Mit dem Spitzenpersonal der geplanten Großen Koalition ist die Wahlbevölkerung im Wesentlichen recht zufrieden. Aus Sicht von 66 Prozent sollte Sigmar Gabriel ein Ministeramt übernehmen, lediglich ein knappes Drittel spricht sich dagegen aus (31 Prozent). Ähnlich große Unterstützung erfahren Schäuble (73:25 Prozent) und der Sozialdemokrat Frank-Walter Steinmeier (70:26 Prozent), die jeweils rund sieben von zehn wieder am Kabinettstisch sehen wollen. Auch die CDU-Politiker Ursula von der Leyen (63:35 Prozent), Thomas de Maizière (53:41 Prozent) und Peter Altmaier (47:39 Prozent) wollen die Befragten mehrheitlich in der nächsten Regierung sehen.

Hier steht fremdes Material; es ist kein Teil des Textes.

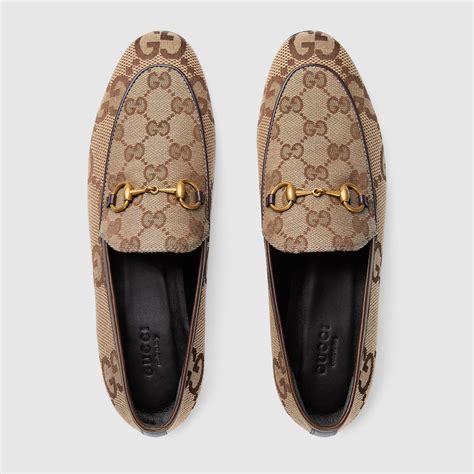 gucci jordaan tweed loafers|Gucci jordaan gg canvas loafer.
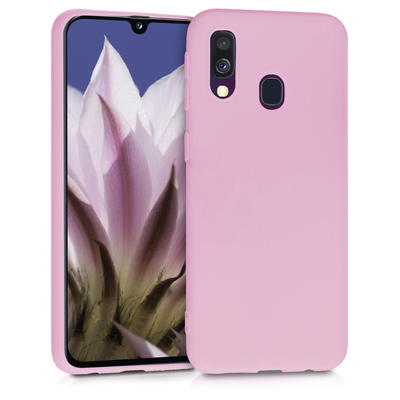 TPU Hülle für Samsung Galaxy A40 in Altrosa matt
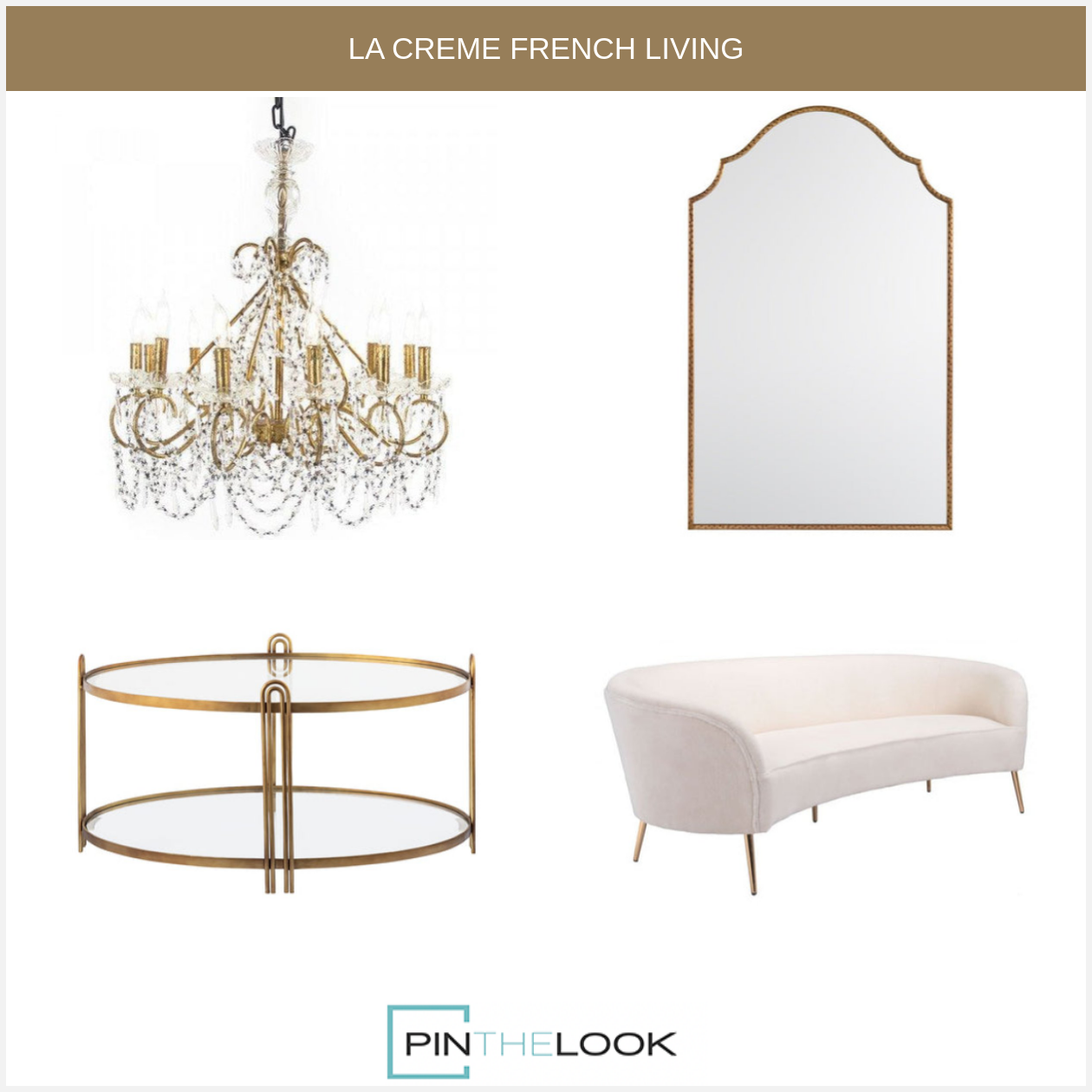 Gold Parisian Glam Chandelier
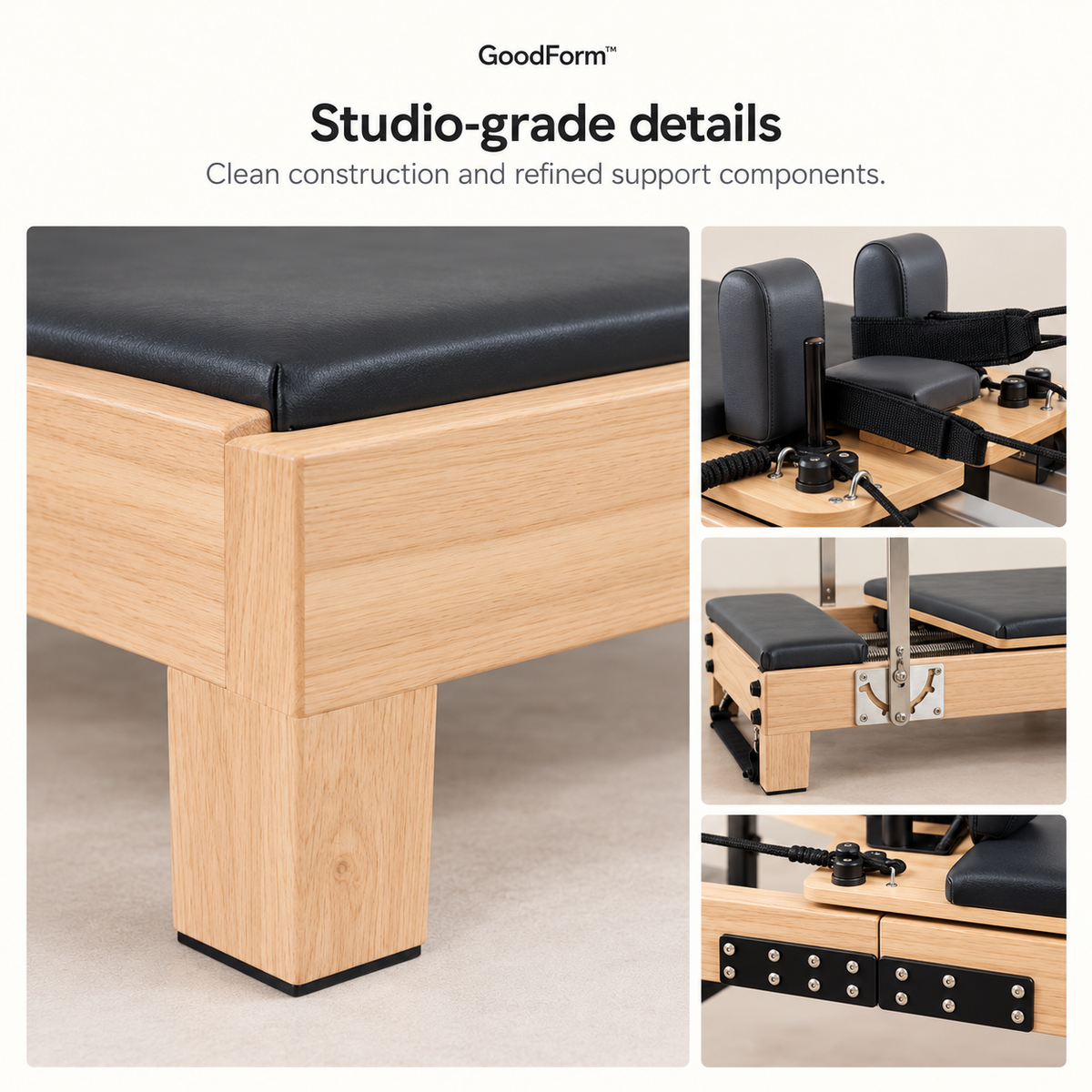 GoodForm™ Wooden Studio Pilates Reformer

60 Prozent der Befragten finden auch, die CDU sollte den Finanzminister stellen. Schäuble hatte dem Düsseldorfer „Handelsblatt“ gesagt, er habe seiner Partei geraten, das Finanzressort zu behalten. Und wenn Merkel ihm den Posten anbiete, „dann würde ich nicht ablehnen“. Das stößt auf den Widerstand der SPD. „Es ist noch offen, welche Ministerien wir beanspruchen“, sagte SPD-Generalsekretärin Andrea Nahles. Und der Sprecher des Seeheimer Kreises der SPD-Rechten, der Hamburger Abgeordnete Johannes Kahrs, meint: „Wenn die CDU die Kanzlerin stellt, hat als Nächstes die SPD das Zugriffsrecht und sollte das Finanzministerium wählen.“

Mehrheitlich kritisch sehen die Bürger die Ministeranwartschaft des jetzigen Kanzleramtsministers Ronald Pofalla (25:52 Prozent). Dies gilt auch für die drei CSU-Politiker, die derzeit als wahrscheinliche Regierungsmitglieder gelten. Am deutlichsten ist die Ablehnung bei dem aktuellen christsozialen Generalsekretär Alexander Dobrindt (18:38 Prozent), aber von Verkehrsminister Peter Ramsauer (40:49 Prozent) und dem amtierenden Innenminister Hans-Peter Friedrich (32:40 Prozent) sind die Bürger auch nicht sonderlich begeistert. Nur im Freistaat werden Ramsauer und Friedrich im Kabinett gern gesehen. Bei Dobrindt sind sogar die Bayern skeptisch.

Bei aller Zufriedenheit mit der wirtschaftlichen Lage trübt das historische Zinstief bei Spareinlagen die Stimmung. Für die Mehrzahl der Bürger (52 Prozent) gibt diese Entwicklung Anlass zur Sorge, wenn sie an ihre Ersparnisse und ihre Rücklagen für die Altersversorgung denken. Rund vier Zehntel (42 Prozent) sehen die Situation indes eher gelassen. Überdurchschnittlich stark sind die Befürchtungen mit 64 Prozent bei den jüngeren Bürgern unter 30 Jahre. Die Generation der über 60-Jährigen macht sich hingegen nicht mehr Sorgen als der Durchschnitt.